*** Opening of Data listing ***

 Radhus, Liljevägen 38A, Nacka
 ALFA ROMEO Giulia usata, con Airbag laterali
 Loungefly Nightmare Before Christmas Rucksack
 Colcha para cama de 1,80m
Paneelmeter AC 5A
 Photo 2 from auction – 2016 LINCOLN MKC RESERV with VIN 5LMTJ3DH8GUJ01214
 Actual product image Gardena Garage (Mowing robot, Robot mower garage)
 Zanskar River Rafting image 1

*** Close of Data listing ***
*** Opening of Data listing ***

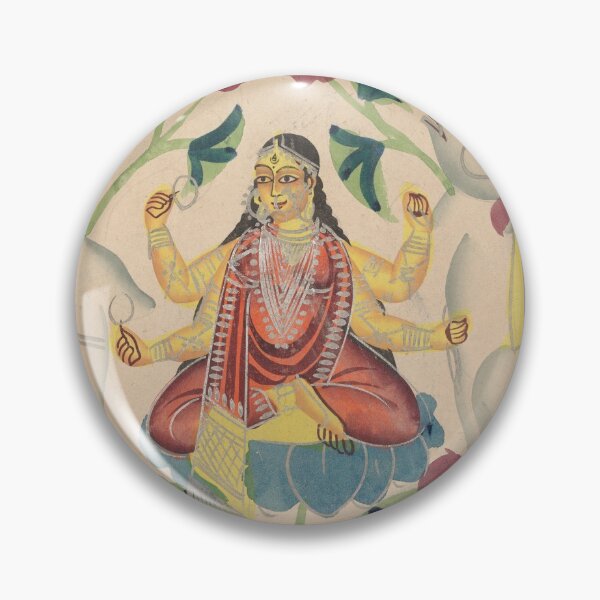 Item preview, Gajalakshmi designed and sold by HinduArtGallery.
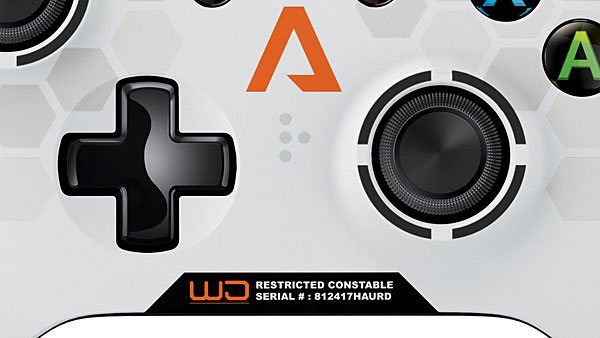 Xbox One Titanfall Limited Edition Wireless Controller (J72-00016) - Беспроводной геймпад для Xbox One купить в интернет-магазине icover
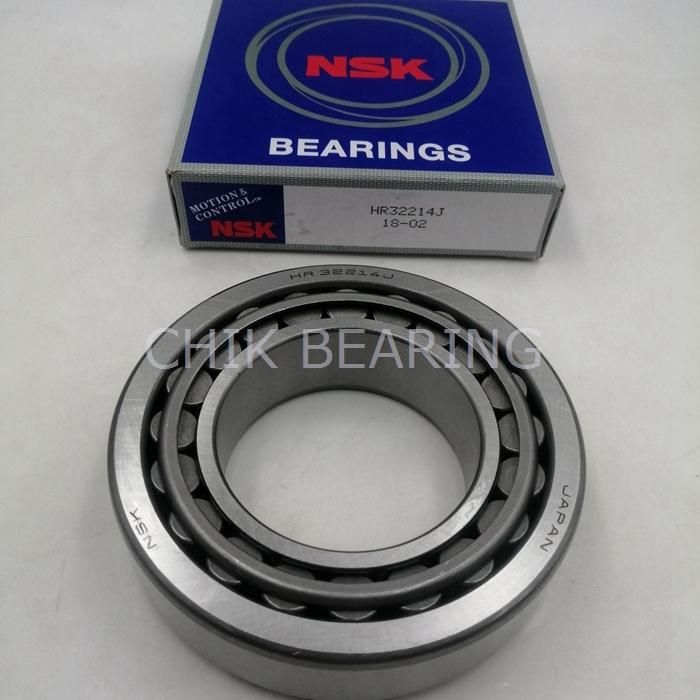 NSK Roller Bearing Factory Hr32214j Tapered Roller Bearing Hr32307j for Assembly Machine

*** Close of Data listing ***
*** Opening of Data listing ***

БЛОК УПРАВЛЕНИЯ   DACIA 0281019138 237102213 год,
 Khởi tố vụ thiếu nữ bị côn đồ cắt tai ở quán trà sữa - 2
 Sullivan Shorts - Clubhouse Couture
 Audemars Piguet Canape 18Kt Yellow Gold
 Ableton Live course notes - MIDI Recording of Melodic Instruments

*** Close of Data listing ***

» **Work instructions**: Your reply is to repeat, unchanged, the lines above running from the one with "Radhus, Liljevägen 38A, Nacka" up to and including the one with "Zanskar River Rafting image 1".

» **Answer below**:
 Radhus, Liljevägen 38A, Nacka
 ALFA ROMEO Giulia usata, con Airbag laterali
 Loungefly Nightmare Before Christmas Rucksack
 Colcha para cama de 1,80m
Paneelmeter AC 5A
 Photo 2 from auction – 2016 LINCOLN MKC RESERV with VIN 5LMTJ3DH8GUJ01214
 Actual product image Gardena Garage (Mowing robot, Robot mower garage)
 Zanskar River Rafting image 1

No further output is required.